### [TASK DIRECTIONS]
Once the pictures are set aside, reproduce the remaining data exactly.

### [GIVEN INFORMATION]
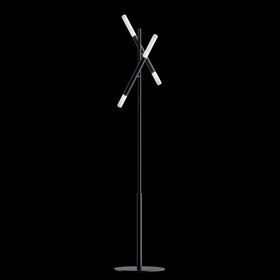 Напольный светильник (торшер) Maytoni Vigo MOD070FL-02B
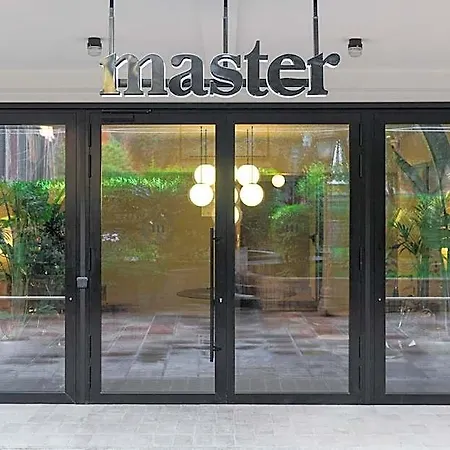 Master Trevi Apart Otel 4*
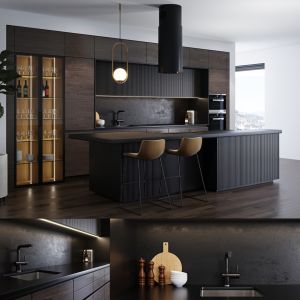 Modern Kitchen 7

### [ANSWER SPACE]
 Напольный светильник (торшер) Maytoni Vigo MOD070FL-02B
 Master Trevi Apart Otel 4*
 Modern Kitchen 7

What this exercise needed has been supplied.